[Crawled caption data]
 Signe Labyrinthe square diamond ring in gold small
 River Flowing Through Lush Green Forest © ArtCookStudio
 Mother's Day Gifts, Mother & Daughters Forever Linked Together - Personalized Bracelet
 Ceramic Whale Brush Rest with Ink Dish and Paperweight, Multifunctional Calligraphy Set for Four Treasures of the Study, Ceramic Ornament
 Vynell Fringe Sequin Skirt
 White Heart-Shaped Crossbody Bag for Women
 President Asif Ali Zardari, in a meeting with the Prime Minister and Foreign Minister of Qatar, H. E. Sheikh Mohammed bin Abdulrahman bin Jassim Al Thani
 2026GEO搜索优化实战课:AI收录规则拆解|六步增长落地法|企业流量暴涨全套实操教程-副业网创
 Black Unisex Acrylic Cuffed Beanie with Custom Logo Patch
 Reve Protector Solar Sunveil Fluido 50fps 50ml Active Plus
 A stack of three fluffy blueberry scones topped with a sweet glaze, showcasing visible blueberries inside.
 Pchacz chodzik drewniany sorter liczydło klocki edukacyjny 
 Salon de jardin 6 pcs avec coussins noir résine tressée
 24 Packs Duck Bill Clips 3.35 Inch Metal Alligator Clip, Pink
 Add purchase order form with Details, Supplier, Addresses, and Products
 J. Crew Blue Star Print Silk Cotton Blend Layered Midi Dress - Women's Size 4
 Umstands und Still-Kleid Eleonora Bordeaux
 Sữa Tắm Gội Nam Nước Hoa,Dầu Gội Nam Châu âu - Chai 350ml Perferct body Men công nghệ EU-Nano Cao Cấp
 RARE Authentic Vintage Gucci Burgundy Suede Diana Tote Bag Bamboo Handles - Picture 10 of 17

REQUIRED WORK
Word for word, restate the lines above.

SOLVED PROBLEM
 Signe Labyrinthe square diamond ring in gold small
 River Flowing Through Lush Green Forest © ArtCookStudio
 Mother's Day Gifts, Mother & Daughters Forever Linked Together - Personalized Bracelet
 Ceramic Whale Brush Rest with Ink Dish and Paperweight, Multifunctional Calligraphy Set for Four Treasures of the Study, Ceramic Ornament
 Vynell Fringe Sequin Skirt
 White Heart-Shaped Crossbody Bag for Women
 President Asif Ali Zardari, in a meeting with the Prime Minister and Foreign Minister of Qatar, H. E. Sheikh Mohammed bin Abdulrahman bin Jassim Al Thani
 2026GEO搜索优化实战课:AI收录规则拆解|六步增长落地法|企业流量暴涨全套实操教程-副业网创
 Black Unisex Acrylic Cuffed Beanie with Custom Logo Patch
 Reve Protector Solar Sunveil Fluido 50fps 50ml Active Plus
 A stack of three fluffy blueberry scones topped with a sweet glaze, showcasing visible blueberries inside.
 Pchacz chodzik drewniany sorter liczydło klocki edukacyjny 
 Salon de jardin 6 pcs avec coussins noir résine tressée
 24 Packs Duck Bill Clips 3.35 Inch Metal Alligator Clip, Pink
 Add purchase order form with Details, Supplier, Addresses, and Products
 J. Crew Blue Star Print Silk Cotton Blend Layered Midi Dress - Women's Size 4
 Umstands und Still-Kleid Eleonora Bordeaux
 Sữa Tắm Gội Nam Nước Hoa,Dầu Gội Nam Châu âu - Chai 350ml Perferct body Men công nghệ EU-Nano Cao Cấp
 RARE Authentic Vintage Gucci Burgundy Suede Diana Tote Bag Bamboo Handles - Picture 10 of 17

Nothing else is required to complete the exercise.